Dividends refer to the portion of profit stakeholders (shareholders) get from an enterprise for their stakes (shares) in the business. With continuous evolution, everything, including state – the nation state has acquired the status of enterprise.
So, such things as dividends of democracy have become commonplace. What do people particularly ordinary citizens get for their stakes in the state? That is their dividend from the state enterprise because they hold shares in the state. It is an inalienable right. And where it is not given or partially given or in any way denied, the people put their feet down in demand for what they know is their right.
From the business of state let us progress to the state of business. Citizens are beginning to ask for dividends in ordinary businesses, particularly if the businesses happen reside in the same neighborhood as they. Businesses are citizens and instead of the strongest stifling the weakest, a sense of community or brotherhood must prevail. So from he that has much, it must be taken and given to he that has less. An effort to strike at equilibrium sounds right and logical.

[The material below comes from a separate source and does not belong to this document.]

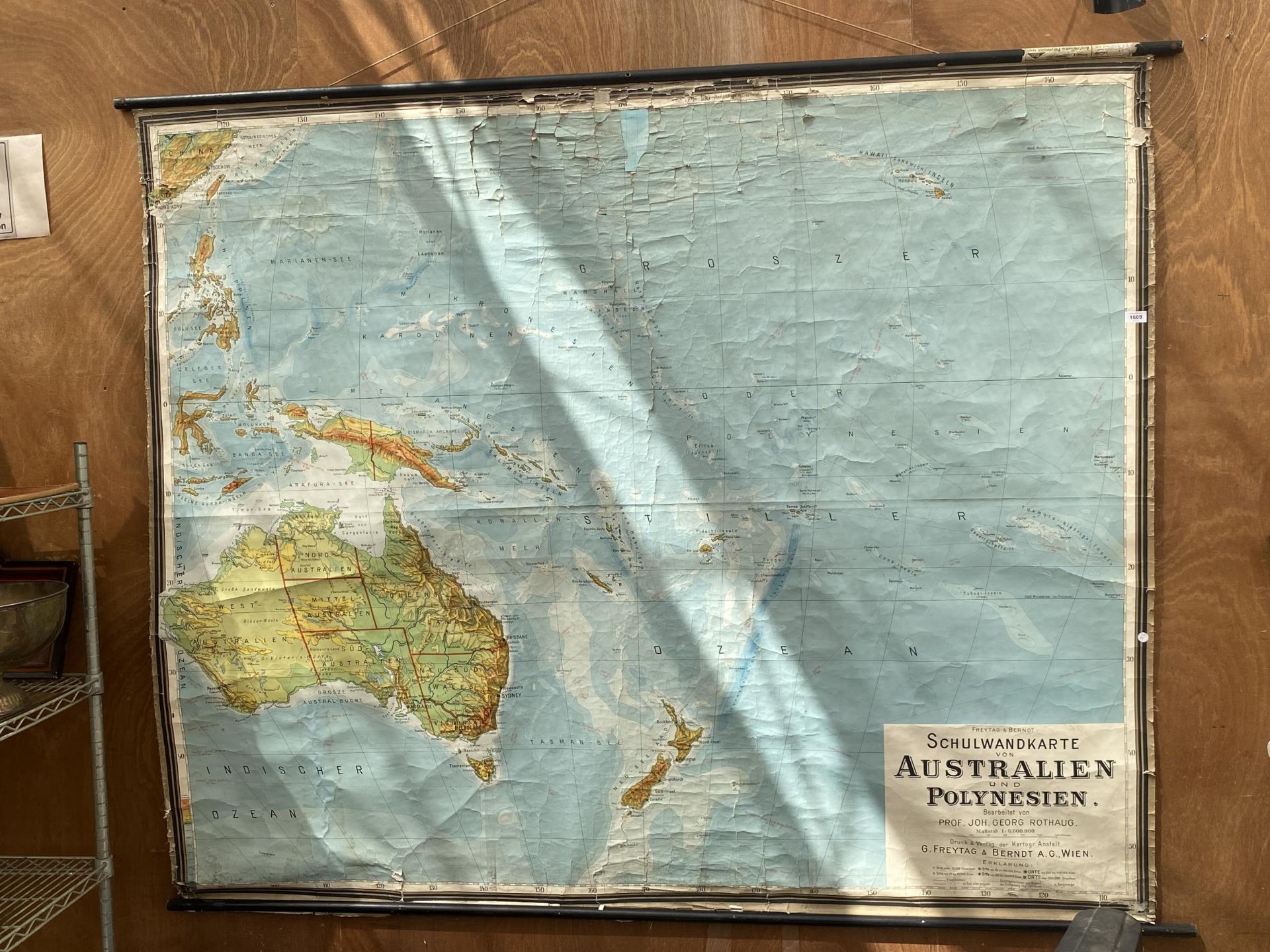 A VINTAGE MAP OF 'AUSTRALIEN UND POLYNESIEN'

Social responsibility, mostly at corporate level has become an integral part of business. Thriving enterprises are now required to support the environment, host communities, and other stakeholders in the ecosystem. CSR has become central to business. Stakeholders demand it, often in bizarre and forceful manner. This demand has given rise to advocacy groups in several shades.
The burden of CSR has given rise to a peculiar kind of business, otherwise called not for profit evolving in the bid to enforce the rights of the weaker segment of the society and help them obtain from their more successful neighbours.
Several issues come to mind here. What manner of business can survive year on year without profit? What kind of business can make it its business to compel the strongest to take care of the weakest by letting go a part of what it has legally earned? Yet the not for profits, commonly called nongovernmental organisations try to make people believe they exist solely for others.
Curiously, this branch of business would not have come up without the callous posturing of successful businesses that resist giving back to society as CSR is referred to in some quarters. This stance has opened an avenue for musketeers to parade themselves in different shades for the purpose of obtaining from the successful for the less successful. What is of concern is ‘what portion of what is obtained is passed on to the weakest of the society for whom it is meant?’ Yet this astute set of business people maintain, boldly so that they are in business just to help others, often referred to as less privileged.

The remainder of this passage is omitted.